Crawled caption data:
-- Opening Marker --

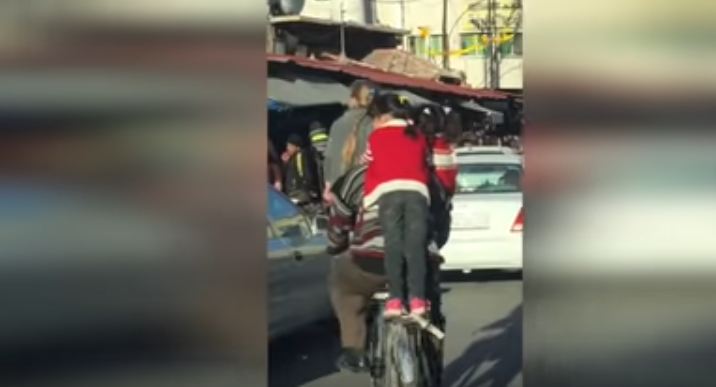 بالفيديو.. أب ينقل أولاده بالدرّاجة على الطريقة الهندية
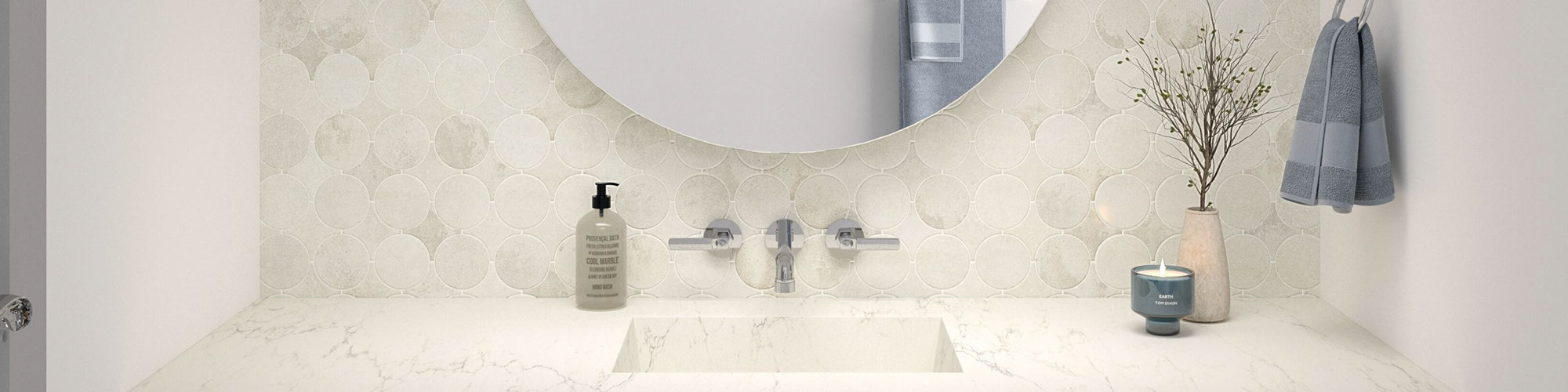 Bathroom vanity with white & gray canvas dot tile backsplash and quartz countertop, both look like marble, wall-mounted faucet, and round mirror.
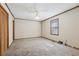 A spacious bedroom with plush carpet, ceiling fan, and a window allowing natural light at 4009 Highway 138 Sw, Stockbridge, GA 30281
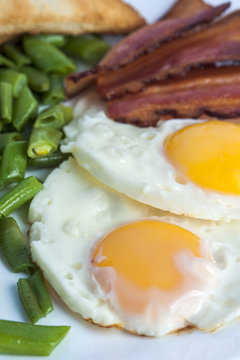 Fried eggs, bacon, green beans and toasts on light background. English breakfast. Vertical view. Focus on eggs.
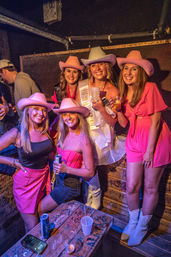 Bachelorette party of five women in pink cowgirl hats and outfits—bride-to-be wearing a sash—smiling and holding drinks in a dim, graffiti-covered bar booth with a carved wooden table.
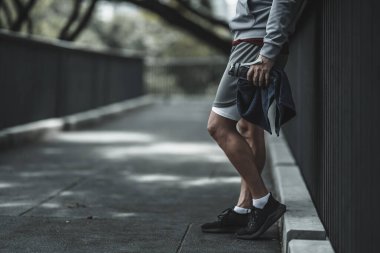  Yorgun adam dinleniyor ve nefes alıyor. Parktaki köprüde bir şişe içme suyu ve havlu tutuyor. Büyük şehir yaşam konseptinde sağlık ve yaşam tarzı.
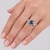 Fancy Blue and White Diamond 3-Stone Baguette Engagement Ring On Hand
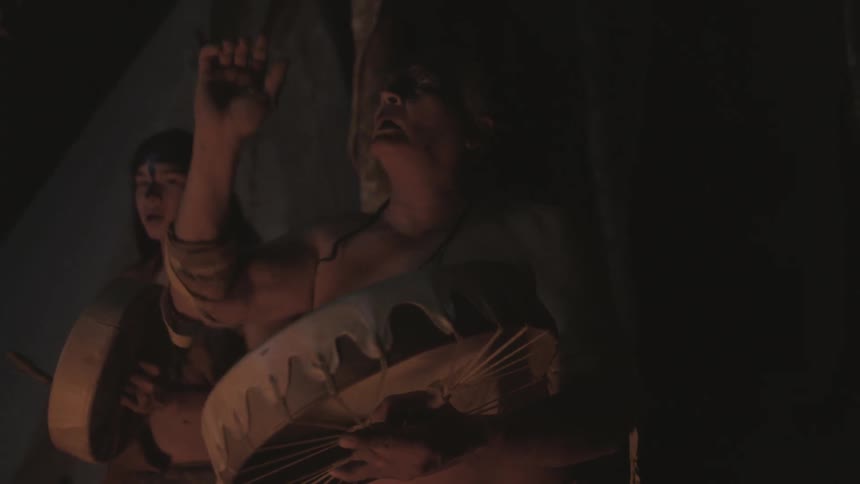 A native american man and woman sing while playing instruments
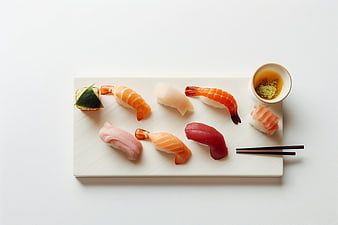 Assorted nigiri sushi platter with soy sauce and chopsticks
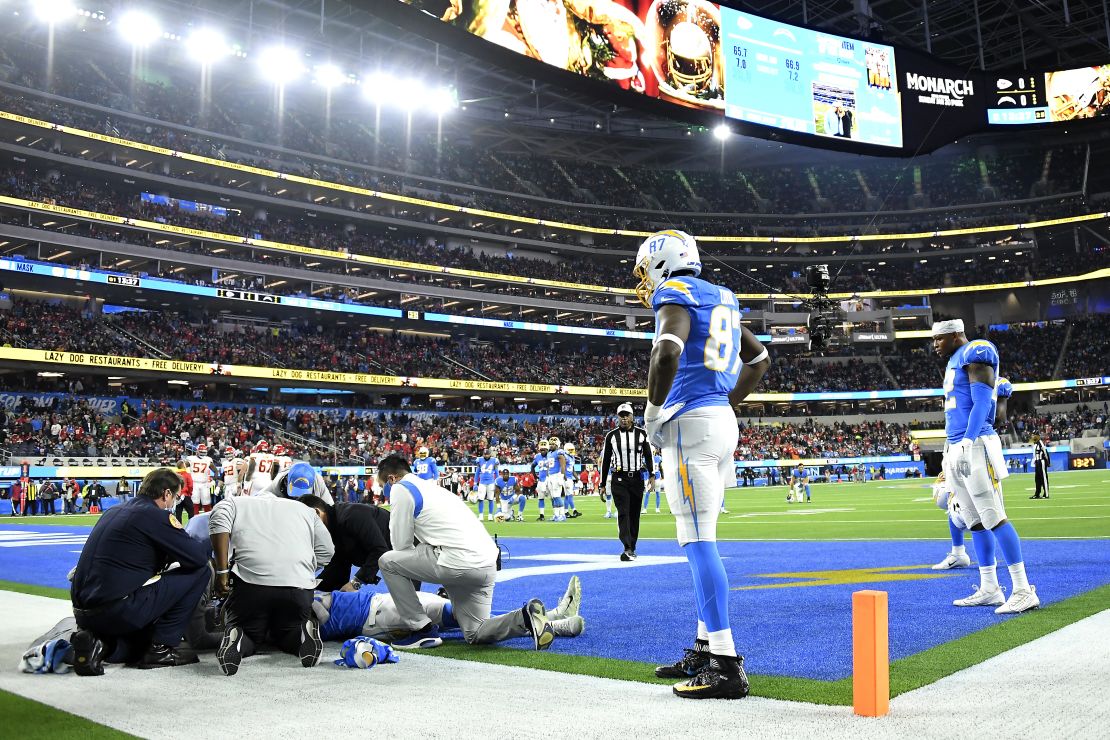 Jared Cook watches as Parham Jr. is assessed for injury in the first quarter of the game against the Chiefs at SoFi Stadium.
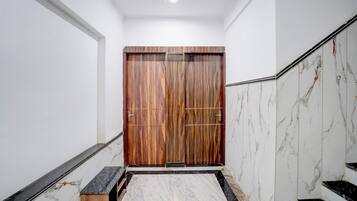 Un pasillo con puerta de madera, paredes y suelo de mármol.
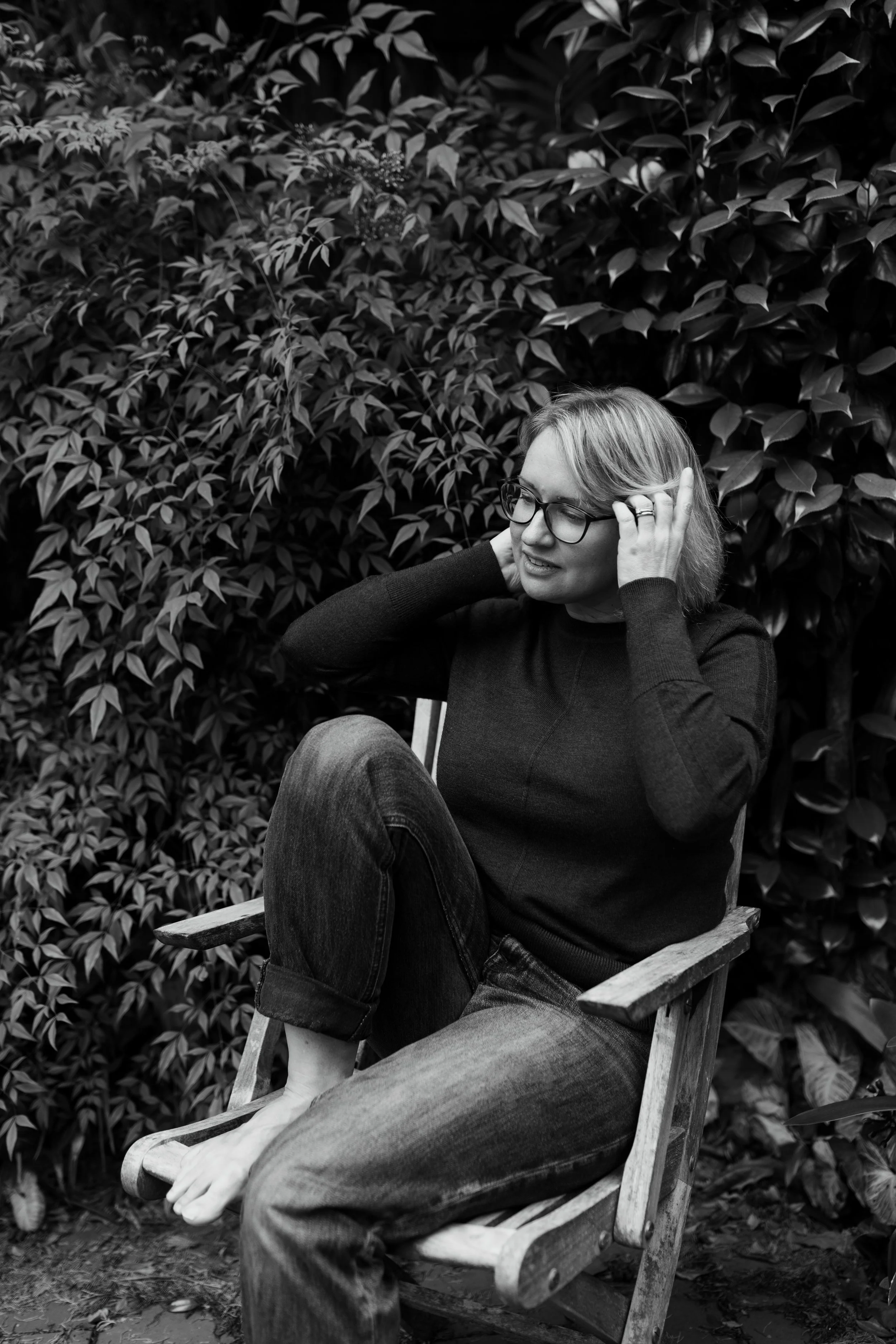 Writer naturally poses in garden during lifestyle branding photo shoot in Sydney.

-- Closing Marker --

(Assignment): Only the lines from the one containing "Yorgun adam dinleniyor" through the last line of the entries, both included, should be repeated exactly, and the pictures should be left out.

(Completed task):
  Yorgun adam dinleniyor ve nefes alıyor. Parktaki köprüde bir şişe içme suyu ve havlu tutuyor. Büyük şehir yaşam konseptinde sağlık ve yaşam tarzı.
 Fancy Blue and White Diamond 3-Stone Baguette Engagement Ring On Hand
 A native american man and woman sing while playing instruments
 Assorted nigiri sushi platter with soy sauce and chopsticks
 Jared Cook watches as Parham Jr. is assessed for injury in the first quarter of the game against the Chiefs at SoFi Stadium.
 Un pasillo con puerta de madera, paredes y suelo de mármol.
 Writer naturally poses in garden during lifestyle branding photo shoot in Sydney.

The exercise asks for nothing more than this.